**AIM OF THE TASK:**
Lines containing "Sedan" should be pulled from the material below.

**ENTRIES PROVIDED:**
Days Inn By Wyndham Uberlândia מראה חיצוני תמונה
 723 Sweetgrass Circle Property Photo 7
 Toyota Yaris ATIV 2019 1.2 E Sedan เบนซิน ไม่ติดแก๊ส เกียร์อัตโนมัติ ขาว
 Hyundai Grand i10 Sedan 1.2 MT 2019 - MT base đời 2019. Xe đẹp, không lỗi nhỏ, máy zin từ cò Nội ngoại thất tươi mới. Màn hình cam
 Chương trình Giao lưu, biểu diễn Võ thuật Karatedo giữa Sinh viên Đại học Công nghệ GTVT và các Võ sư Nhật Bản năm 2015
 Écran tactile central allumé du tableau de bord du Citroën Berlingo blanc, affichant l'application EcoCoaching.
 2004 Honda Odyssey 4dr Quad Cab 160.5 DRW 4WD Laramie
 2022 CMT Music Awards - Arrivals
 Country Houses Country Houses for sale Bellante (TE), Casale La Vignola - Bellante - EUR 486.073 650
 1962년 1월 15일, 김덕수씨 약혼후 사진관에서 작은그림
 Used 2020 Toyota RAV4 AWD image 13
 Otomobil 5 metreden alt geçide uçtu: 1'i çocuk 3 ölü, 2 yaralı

**REPLY TO THE TASK:**
 Toyota Yaris ATIV 2019 1.2 E Sedan เบนซิน ไม่ติดแก๊ส เกียร์อัตโนมัติ ขาว
 Hyundai Grand i10 Sedan 1.2 MT 2019 - MT base đời 2019. Xe đẹp, không lỗi nhỏ, máy zin từ cò Nội ngoại thất tươi mới. Màn hình cam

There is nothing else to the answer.